It’s that magical time of year once again. Mortar boards are being decorated. “Pomp and Circumstance” is playing on football fields across America. Thousands of people are gathered to hear hours and hours of names being recited, all for that brief moment where they recognize the name being called as their relative.
It’s heady stuff. It’s graduation.
Whether you’re moving on to college, to grad school, or to the battlefield known as the job market, here are three pieces of advice as you move on to the next great adventure in your life. The author’s qualifications for dispensing such advice are only that he’s been there, done that, and survived more or less intact to tell the tale.
1. You Probably Don’t Have Any Clue What You’re Doing (and That’s OK!)
In working with a lot of other young people, one of the primary concerns I hear from soon-to-graduate students is “I don’t really know what I want to do with my life.” Which is equivalent to my ears as saying “I am a human being without psychic abilities or a single-minded desire to do any one thing.”
Those people graduating alongside of you who seem to have their lives plotted out in front of them like a route on Google Maps? Most of it is just an illusion. I’m sure they THINK they have their life plan all organized into bullet points and start dates, but life just doesn’t work that way. And it SHOULDN’T work that way. How boring would it be if your whole life followed a predictable path from your youth, not allowing you to find anything exciting that would cause you to wander on to a new, less predictable path? And what good would it be even if you succeeded at that? There’s no trophy given for “Best Adherence to Adolescent Life Plan.”
Embrace a little bit of uncertainty. Most people change their careers at some point, and the people who do often end up being better compensated and more stimulated as a result. If you have a folly, follow it – you’ll likely be happier in 20 years knowing you pursued a passion than if you stayed stationary (at least that’s what I tell myself).
2. Consider The Cost Of Your Happiness
I graduated with a double major in Economics and Political Science, which is most often parlayed into admission into law school. Why did I pick those majors? Because they seemed interesting. How many law schools accepted me for admission? The same number to which I applied: Zero.
Someone asked me a few months ago why I never ended up becoming a lawyer, despite being interested in it earlier in my career.

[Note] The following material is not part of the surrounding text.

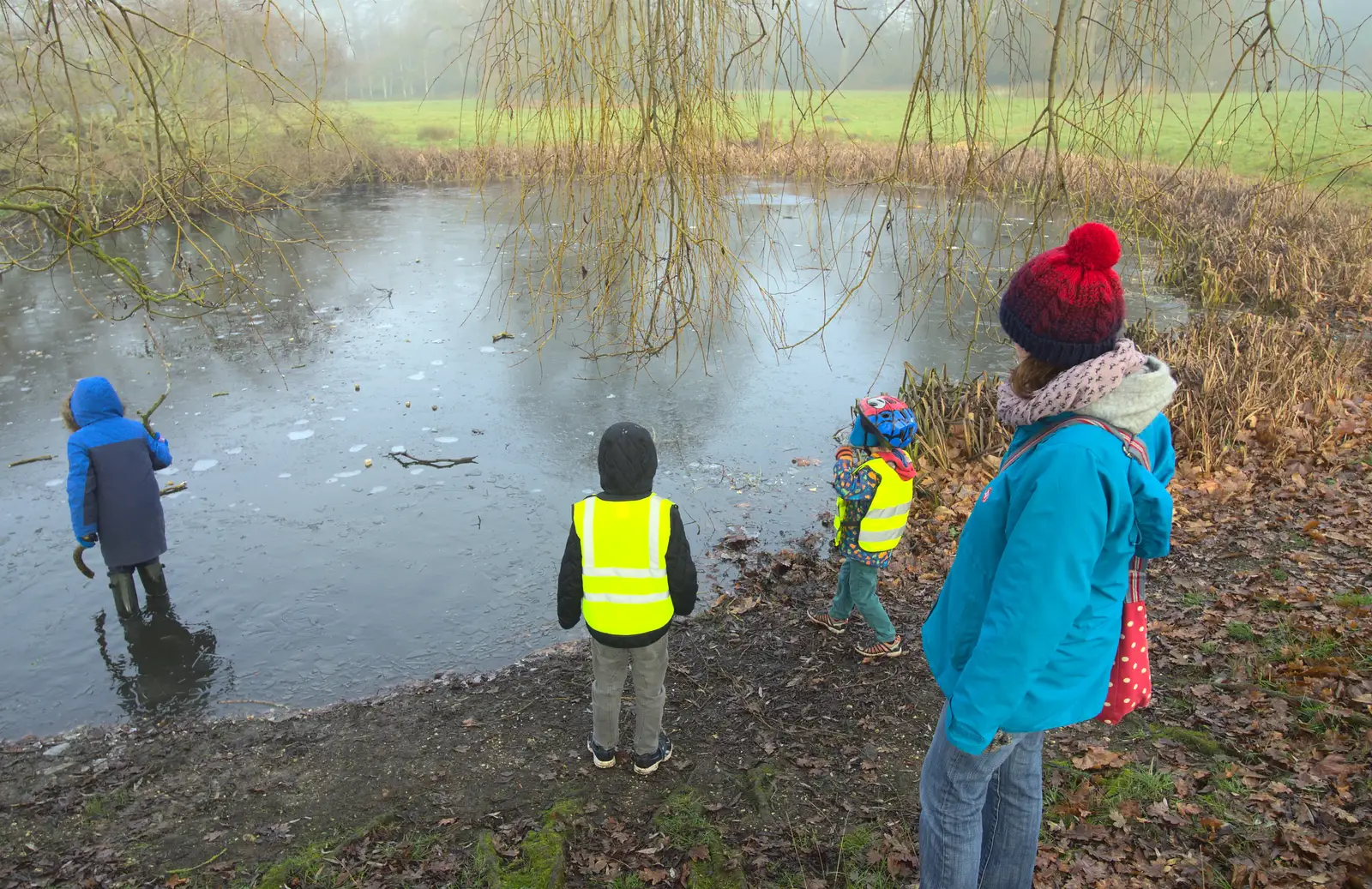 We inspect a frozen pond, from A Trip to Ickworth House, Horringer, Suffolk - 30th December 2016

The answer: I couldn’t imagine myself doing any of the careers requiring a law degree every day while maintaining my happiness and sanity. Instead, I ventured into the world of leadership development, which has been enormously fulfilling and stimulating. Hardly a day goes by where I don’t love what I do and why I do it.

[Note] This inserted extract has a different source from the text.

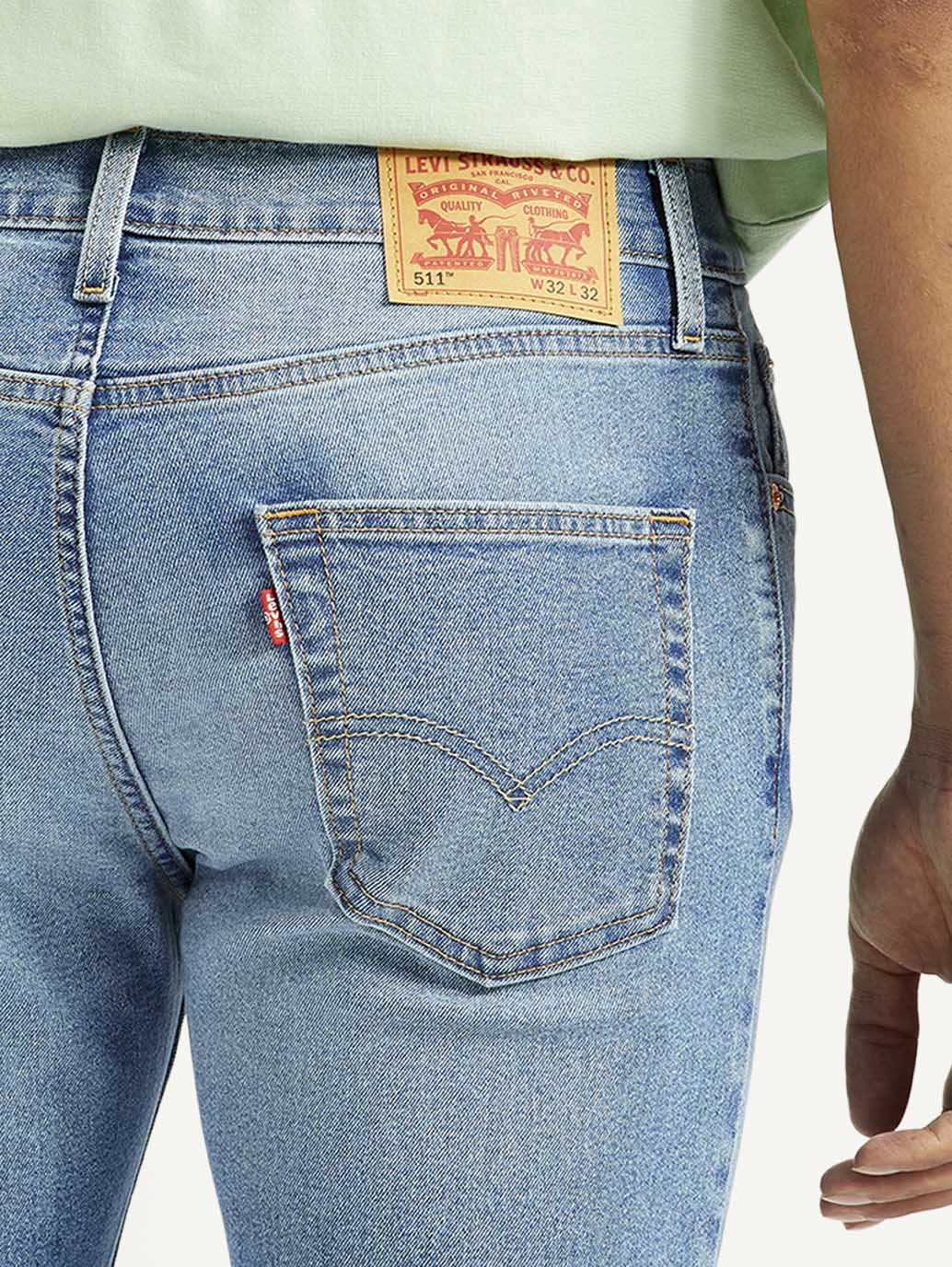 Men's 511 Med Indigo Slim Fit Mid Rise Jeans - Detail View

Certainly we need to have income in order to buy important things like food and toilet paper, but above a certain level, how much would someone have to pay you to be miserable? Or, put another way: How much would you pay to be happy? If someone came to your door offering true happiness in a bottle, how much would you be willing to pay for it? Isn’t the whole point of making an income to provide a life that makes you happy? So why accept more money to hate what you do?
3. Don’t Let Tight Finances Get You Down
Unless you are graduating with the lifetime ATM card known as an engineering degree, you’re likely going to move on to the next phase of your life with less money than you would like (or in some cases, even need). Independence is wonderful, but also comes at the cost of having to pay to sustain yourself.
And let’s be frank – it’s not going to be easy, especially if you’re graduating with student loans. You likely will make the least amount of money in your career right at the beginning (duh). But it will go up. Draft a budget, stick to it, and most of all, try to enjoy life outside your bank account. Go play in a park. Take some deep breaths while sitting in the run. Embrace the challenge of getting to do things on your own, knowing that in a few years, it will most likely get easier.
In short, life is too short to spend being miserable when things are challenging. Most of the challenges that come at this stage in your life are being shared by MOST people your age. Stumbles aren’t failures, and success isn’t the same as living without struggle.
Or, to frame it differently: Graduation means not having to live and die by a letter grade anymore, so stop trying to assign one to your own life.